Some random thoughts from Day 1 of JavaOne 2008 (belated):

Wi-Fi connections spotty at best.  Kind of disappointing they couldn't handle the traffic they could have reasonably expected.

"JRuby: What, Why, How...Do It Now!" -- Nice JRuby overview.  An admonishment not to be scared to let go of static types -- nice.  Interesting how Groovy lets you go either way, sticking with the manifest typing of Java or introducing latent types as you please. 

Demonstrated blocks for deferred invocation, and their uses in internal collection iteration and encapsulating transactional code -- important use cases for their potential inclusion (closures) in the Java core language.  I wonder if such language features are better left to the other JVM-based languages that are sporting them already, rather than over-complicating what started out as a simple language.  Josh Bloch speaks often of a "complexity budget" for a language, and that perhaps Java is overspent.

Much of Rails code is created on startup.  Interesting.  Cool that Ruby allows you to define classes and methods at runtime, and to open up classes for such additions.  Cooler still that in JRuby, core JDK classes become open (even those that are final).  Apparently the term for opening up and tweaking core classes in this way is "monkey patching" -- derogatory term in the Python world, celebrated in the Ruby world.
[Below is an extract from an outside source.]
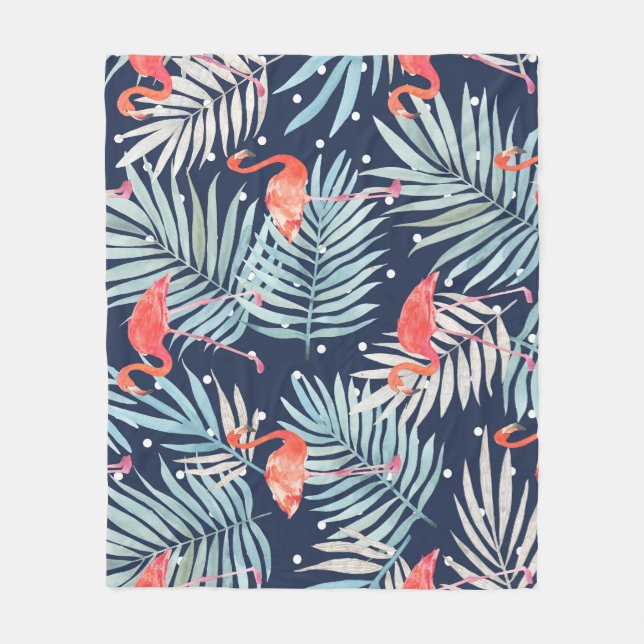 Watercolor Flamingo: Pink Tropical Elegance. Fleece Blanket (Front)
JRuby leverages native threading of the JVM for better performance, as opposed to the "green threading" of the MRI.  There is a jirb analogue to irb in JRuby -- nice.

"require 'java'" to use JDK classes in JRuby code.

"require 'irb/completion'" in jirb to enable auto-completion in the console.  Sweet.

Java methods can be invoked in their regularCamelCaseWay or via_lower_case_underscored_names.

Plenty of help for building Swing apps in JRuby -- Cheri::Swing, Profligacy, MonkeyBars

"More Effective Java" -- New edition of Bloch's "Effective Java" is out -- covers new ground of generics, annotations, enums, concurrency libs, etc.

Use wildcard types, bounded or otherwise, generally only as method parms, not as return types.

'PECS' -- Producer extends, Consumer produces -- mnemonic for remembering when to use ? extends X versus ? super X.  If a method is both a producer and consumer of X, no wildcards needed on the generic type.  Users should not have to think about wildcards to use your API.

Enums -- do not rely on ordinal() for business logic, if you need to use an integer distinguisher as a field for each enum, use a constructor with an integer parm.  Don't depend on which ordinal() integer is assigned to each member of the enum.  Good discussion of EnumSet and EnumMap.  Bit fields are obsolete in Java.

The power of readResolve() to enforce singularity of singleton Serializables has been oversold -- readResolve() works only if all fields of the Serializable are transient.

Enums are inextensible, but can implement interfaces and each member of the enum can supply an implementation.

Good discussion of various lazy-init techniques.

Java 5 memory model enhancements apparently make double-check locking idiom work now.

"Upcoming Java Programming Language Features" -- Alex Buckley, spec lead for JDK 7 JSR, speaks of stewarding the "moral and technical integrity" of Java.

"A good application is rich; a good language is pure." Gosling, about adding features to a language: "Just say no, until threatened with bodily harm".  Tougher to add language features due to the explosion of interaction between the features.  In an app, features relatively rarely interact, and more is considered better.  Not so with language features.  With a language, fewer, more regular features are better.

"Respect the past": new keywords shouldn't break existing code (a la 'assert', 'enum').
"Respect the future": allow room for syntax to breathe.  Syntax/semantics of a feature should not conflict with those of existing or potential features (quite a tall order!)
"Respect the model": every language reflects a model of computation.  Java's model: general-purpose, class-based, OO, concurrent, civilized relationship to APIs, aligned with JVM.  When evolving a language with features, have those features enable more regular and abstract programs.

Principles that recognize the Java model:

Under consideration:

Not of interest:

"GUI Testing Made Easy" was a nice introduction to the FEST library by former ThoughtWorker Alex Ruiz.

"Practical Applications of Static Bytecode Analysis and Transformation for the Java Platform" -- great demonstrations of tools that use libraries like ASM for tweaking bytecode in interesting ways:

"Tips and Tricks for Using Language Features in API Design" -- lots of material to cover in a very short time.  I felt the speaker just ripped right through some topics that to me were non-obvious.  Slow down!  Interesting to learn a potential good use for wildcarded generic return types: return of an internal collection without having to copy it (callers won't be able to add/modify).

Be wary of interface covariant returns -- great for concrete impl classes, but in branching interface hierarchy, watch out.

If you're going to add an exception type, maybe make it carry more info other than just a new name?  Cause?  How to recover?  Also, in libraries, do take care to add serialVersionUIDs to your exception classes -- Exceptions are Serializable.